■ **Problem details**:
The required output is the exact run of lines from the one that contains "Butter Tray Glass" to the end of the data, with every picture left out.

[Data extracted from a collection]
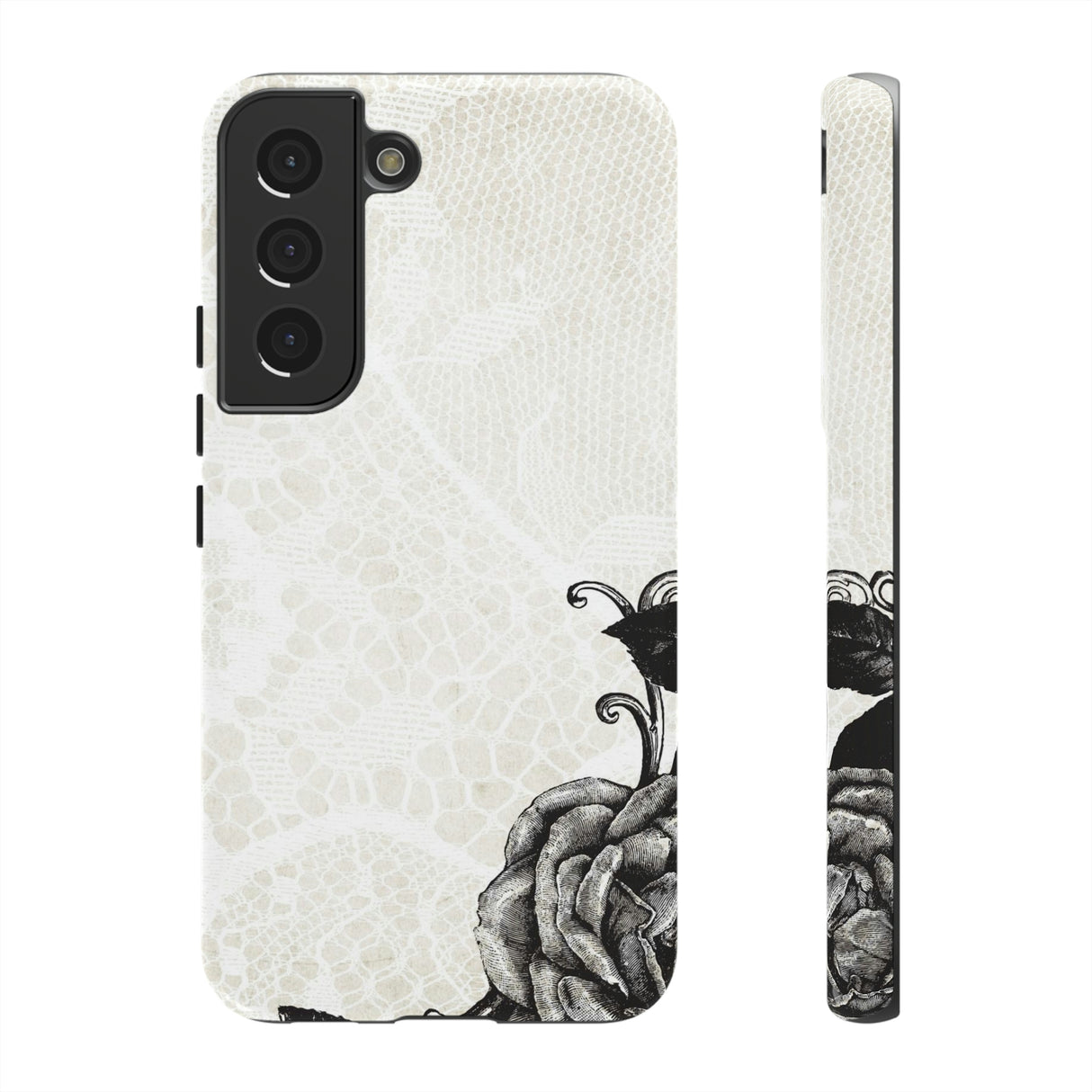 Rosett Gothic Flower Samsung Case (Protective) Samsung Galaxy S22 Glossy Phone Case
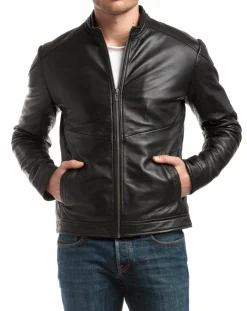 Veste en Cuir Zuzarte noire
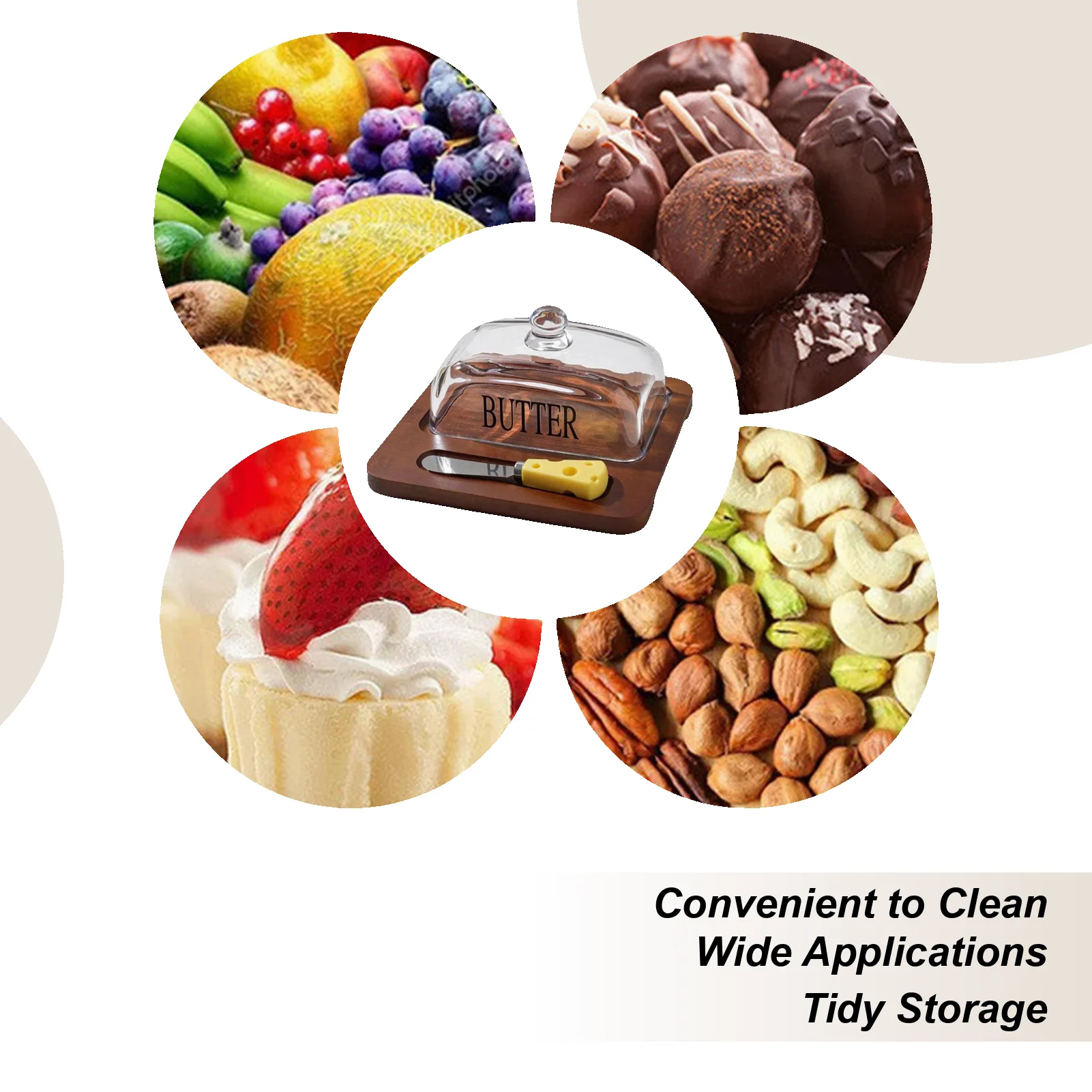 

Butter Tray Glass Dish Tray With Lid Butter Keeper Container With Cutter For Home Kitchen Dining Table Breakfast Outdoor Picnic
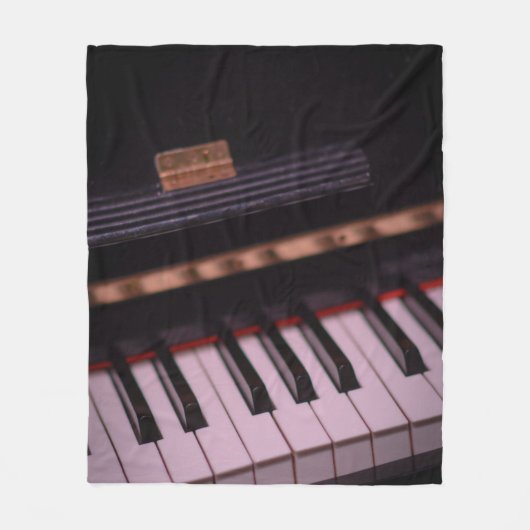 Phantastisches Klavierdesign Fleecedecke (Vorderseite)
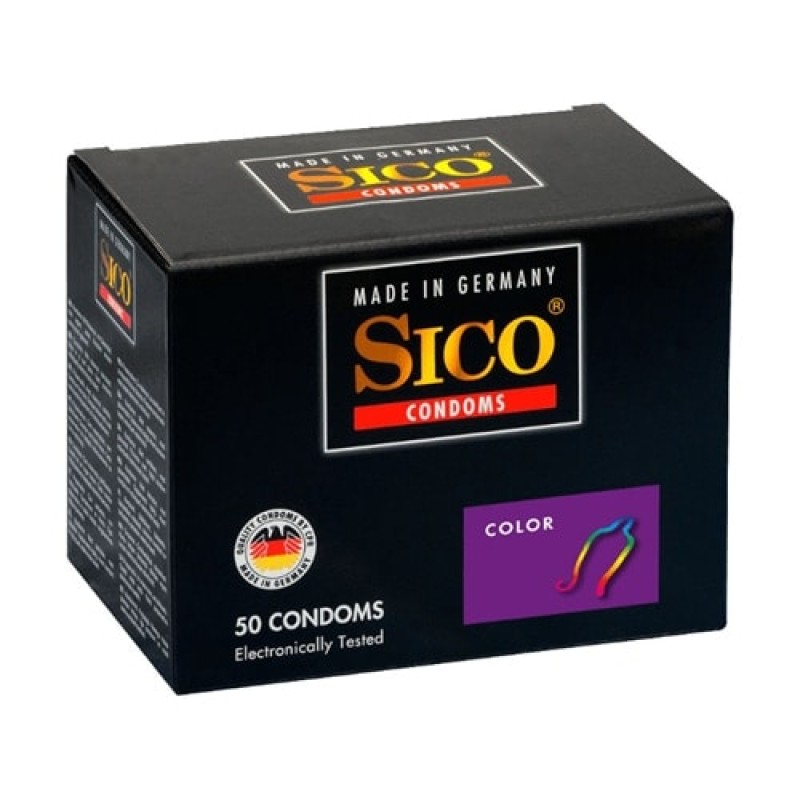Sico Προφυλακτικά Πολύχρωμα Με Γεύσεις Sico Color 50τμχ Προφυλακτικά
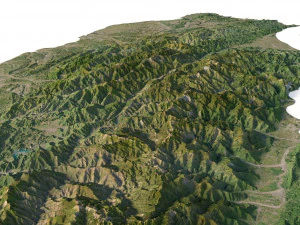 Taiwan Terrain 3D Model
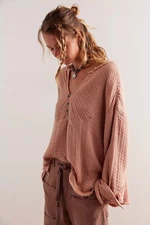 Free People We The Free Easy Sunday Pullover Shirt Tunic Top Oversized M 278147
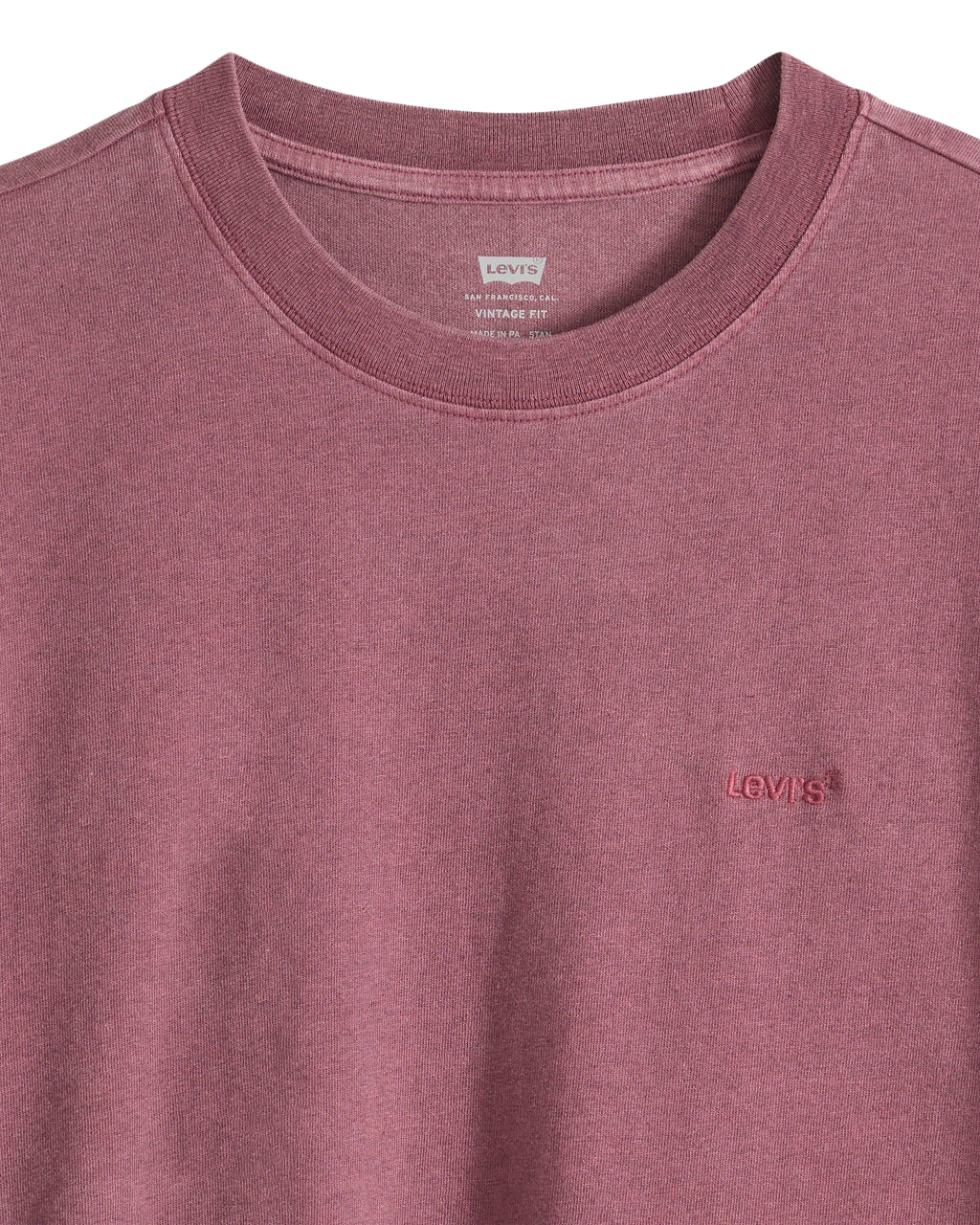 Red Tab™ Vintage T-Shirt in Post Grunge Wash Roan Rouge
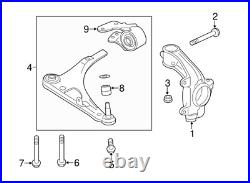 New Genuine Honda Pilot Front Lower Control Arm Assembly Right OE 51350TZ5A10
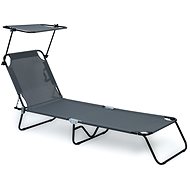 MAKDEBURG deckchair, anthracite - Garden Lounger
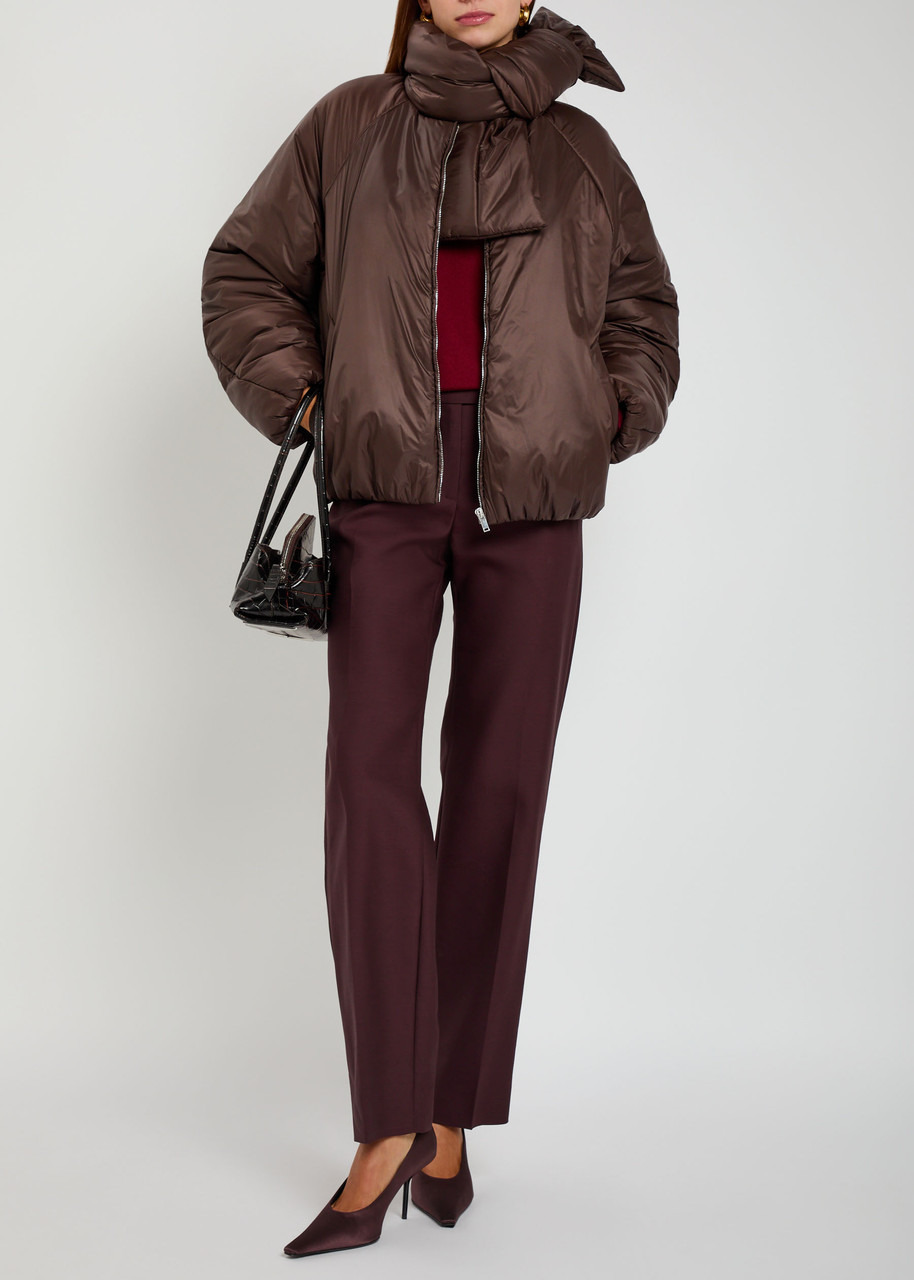 Armarium Lana Scarf-effect Padded Nylon Jacket - 4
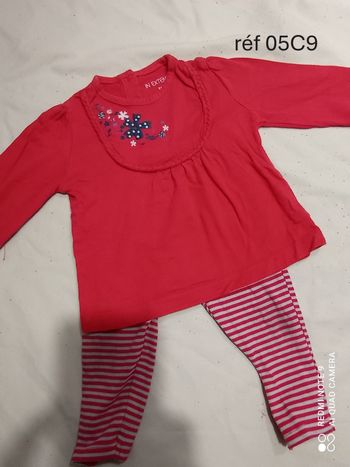 ensemble leggins et tunique de In Extenso 1 an réf 5 C8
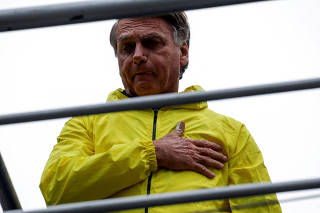FILE PHOTO: Demonstration against former Brazilian President Jair Bolsonaro's judicial process in Sao Paolo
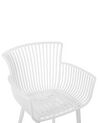Conjunto de 4 cadeiras em plástico branco PESARO_825424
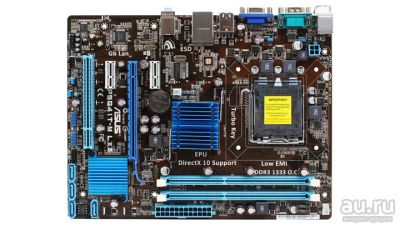 Лот: 13639356. Фото: 1. Материнская плата Asus P5G41T-M... Материнские платы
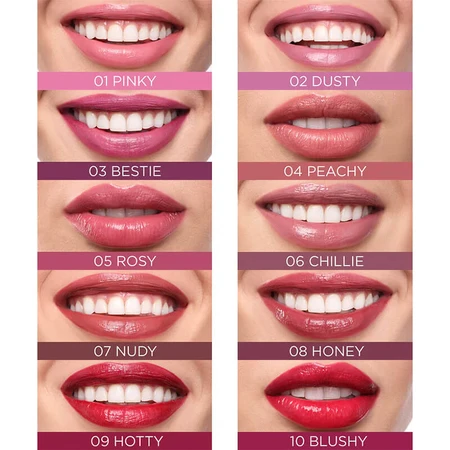 Eveline Cosmetics VinyLove, barra de labios líquida de larga duración con efecto vinilo, 01 Pinky, 4 ml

■ **Output of the exercise**:
Butter Tray Glass Dish Tray With Lid Butter Keeper Container With Cutter For Home Kitchen Dining Table Breakfast Outdoor Picnic
 Phantastisches Klavierdesign Fleecedecke (Vorderseite)
Sico Προφυλακτικά Πολύχρωμα Με Γεύσεις Sico Color 50τμχ Προφυλακτικά
 Taiwan Terrain 3D Model
 Free People We The Free Easy Sunday Pullover Shirt Tunic Top Oversized M 278147
 Red Tab™ Vintage T-Shirt in Post Grunge Wash Roan Rouge
 New Genuine Honda Pilot Front Lower Control Arm Assembly Right OE 51350TZ5A10
 MAKDEBURG deckchair, anthracite - Garden Lounger
 Armarium Lana Scarf-effect Padded Nylon Jacket - 4
 ensemble leggins et tunique de In Extenso 1 an réf 5 C8
FILE PHOTO: Demonstration against former Brazilian President Jair Bolsonaro's judicial process in Sao Paolo
Conjunto de 4 cadeiras em plástico branco PESARO_825424
 Лот: 13639356. Фото: 1. Материнская плата Asus P5G41T-M... Материнские платы
 Eveline Cosmetics VinyLove, barra de labios líquida de larga duración con efecto vinilo, 01 Pinky, 4 ml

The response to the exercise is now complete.